Posted in Uncategorized | Leave a comment

High-Performance Teams

Bob Schatz from Agile Infusion is visiting our facility this week, as he does from time to time.

(If you hire someone to train your developers about agile development, I highly recommend that you have them come back periodically. Teams forget some things that they had learned, and also, as they understand more about agile development, they can ask better questions, to improve their understanding even more.)

Bob was talking about high-performance teams, and he asked if we knew what it felt like to work in a team like that. The best analogies I can think of come from outside the software business:

  • When I lived in Detroit, I used to have a lot of friends involved in SCCA car racing, and we used to get together and work on our cars. When you are working on a car with someone, and just as you realize you need a 15 mm wrench, your partner hands it to you, that is a high-performance team.

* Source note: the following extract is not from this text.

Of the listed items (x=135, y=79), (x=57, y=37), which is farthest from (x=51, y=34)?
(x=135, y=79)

He is watching what you are doing, he knows that the nut you want to tighten is a 15 mm, and he sees that you are going to be ready to tighten it in a moment, so with no words spoken, he has the wrench ready for you.
  • Another example is a jazz band I used to go see in nightclubs around the Detroit area. They had two keyboard players, one who sang and played keyboards, and one who doubled on sax and keyboards. One night one of them was in the middle of a solo on the keyboard when a microphone stand started to fall over. He stopped playing and grabbed the stand, and the other keyboard player finished his solo, without missing a note.

I have been on emergency teams with a number very impressive colleagues. Usually, we would divide the work up based on our areas of expertise, and then go off in our corners and work on our parts, periodically getting back together to check our status. It was a great experience, but it still wasn’t a high-performance team, because we were not working closely together on the same thing, and had not been working that way over a long period of time.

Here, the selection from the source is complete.